Until the details of this new "framework" are published one cannot judge how effective these measures are likely to be, they might be mere lip service. But let us look at the reason behind them. Since the Schrems II decision, EU entities have, in many cases, been restricted from sharing data with US entities, or storing data on US-located servers, because of a concern that current US law did not sufficiently protect the privacy of EU residents. These restrictions have been a problem for many US businesses.
It seems that this new framework is aimed at giving enough privacy protection to lower these restrictions. It will be up to the EC and the European Courts to judge if the framework achieves that goal.

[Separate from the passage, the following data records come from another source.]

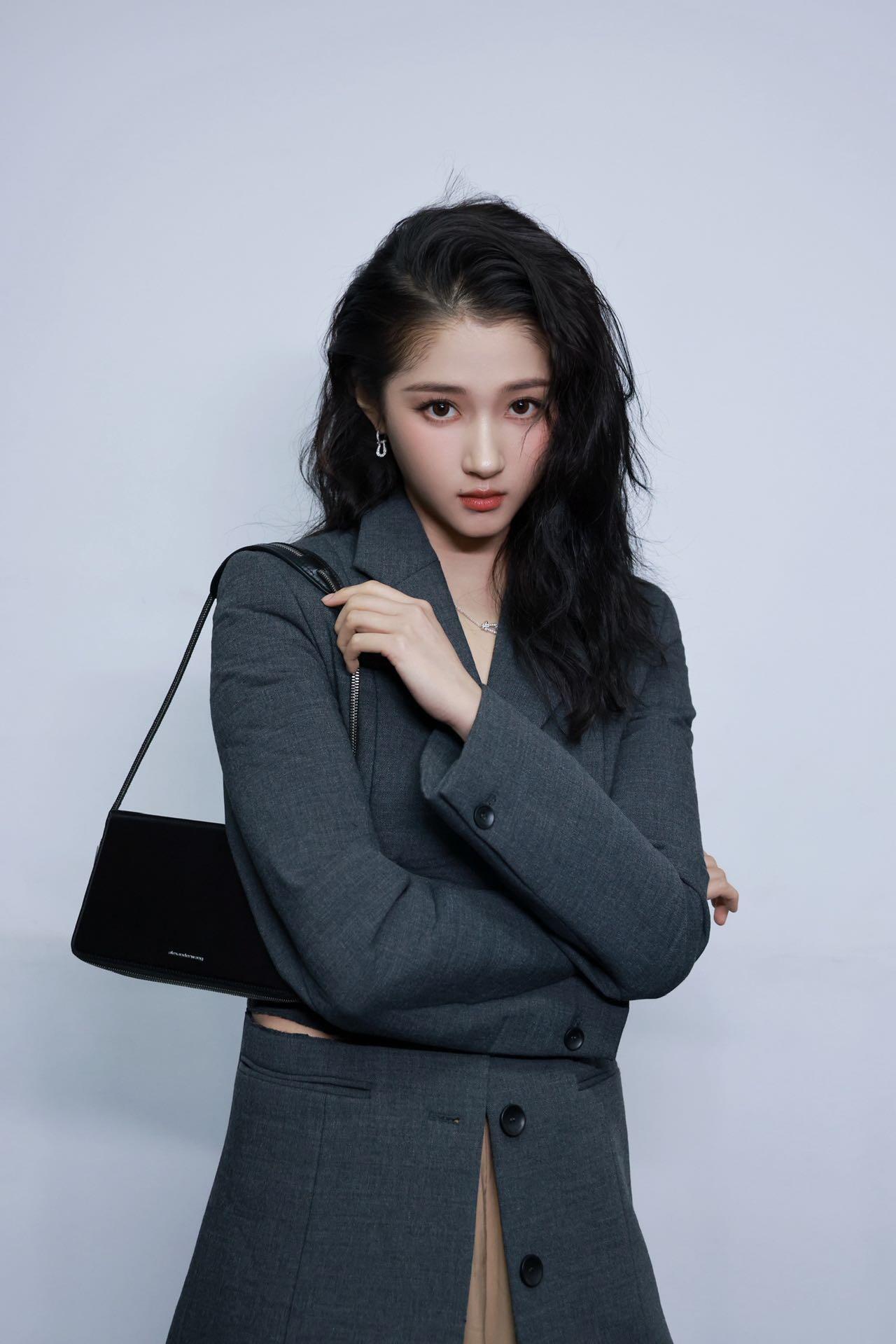 关晓彤好适合都市职场风，干练又时髦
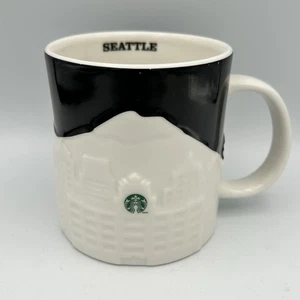 Taza Seattle Skyline Starbucks Collector Series 3D Relieve Negro Blanco 16 OZ 2012 - Imagen 1 de 6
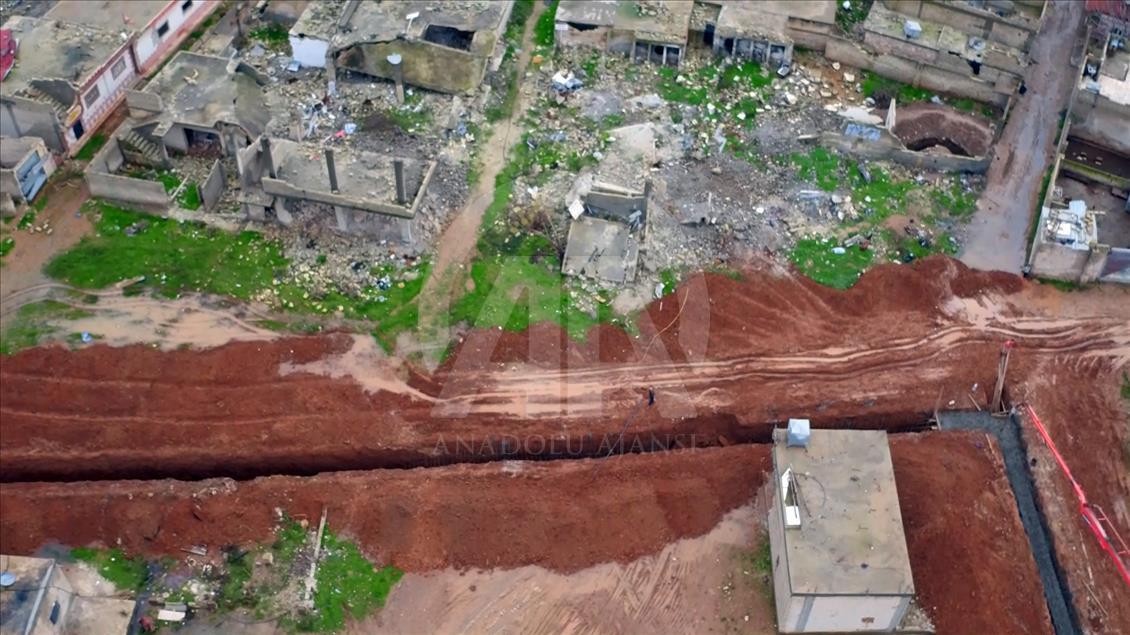 Ayn el-Arab'ta teröristlerin kazdığı hendekler görüntülendi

If they decide that it does not, they can decline to lower, or reimpose, the data transfer restrictions, which would make the framework pointless for the US. It is in the US's interest to keep the EU authorities satisfied on this point.
In the article "United States and European Commission Announce Trans-Atlantic Data Privacy Framework: Setting the Scene for Schrems III?" from the National Law Review it is states that:
The success or failure of the new agreement will depend on the extent to which it overcomes the flaws identified by the ECJ in Schrems II. The ECJ ruled against the EU Commission’s adequacy decision in favour of Privacy Shield, finding that data subjects were inadequately protected against electronic surveillance or “signals intelligence” activities carried out under US Federal authority, and that data subjects impacted by such activities had no viable route to redress.
It is important to remember that Schrems II did not strike down Privacy Shield, which has continued to operate since July 2020. Rather, the European Court of Justice ruling struck down the EU Commission’s adequacy decision in favour of Privacy Shield. Consequently, a key objective of the new Trans-Atlantic Data Privacy Framework is not to replace Privacy Shield, but to revive and enhance it with new mechanisms to address the flaws identified in Schrems II.
Participating companies and organizations that take advantage of the Framework to legally protect data flows will continue to be required to adhere to the Privacy Shield Principles, including the requirement to self-certify their adherence to the Principles through the U.S. Department of Commerce.
The language of the White House fact sheet suggests some areas likely to attract close scrutiny once the full details are available:
What degree of impact on individual data subjects will be considered acceptable, and in what circumstances? The US government is not promising to refrain from the use of signals intelligence and electronic surveillance. It is promising only that intelligence activity will be limited to “legitimate national security interests” and that the impact on individuals will not be “disproportionate”.
How far the composition of the proposed Data Protection Review Court will ensure that it is truly independent of the Federal government?
According to this NY Times story:
The deal includes a way for Europeans to object if they feel that their privacy has been violated, including through an “independent Data Protection Review Court,” the White House said in a fact sheet released after the news conference. The deal still needs to be made final, the United States and the European Commission said in a joint statement, adding that the White House would put its commitments in an executive order.
Businesses that send European Union data to American servers have pushed hard for the governments to reach a new deal. Since the last pact was struck down more than 18 months ago, regulators in European countries have said companies cannot use certain web services, like Google Analytics and Mailchimp, because doing so could violate the privacy rights of Europeans.
Meta, the parent company of Facebook, said this year that it might shut down its services in Europe if the governments didn’t resolve their differences. Google’s top lawyer had urged “quick action to restore a practical framework that both protects privacy and promotes prosperity.”
The Friday announcement is the latest development in a lengthy debate about how far governments and tech companies should go to protect users’ privacy. Europe’s top court twice struck down pacts governing data flows between the United States and the European Union over concerns that the data would be exposed to American surveillance programs.
All of this is based on the joint announcement by the US and the EC, with detailed documents apparently yet to come.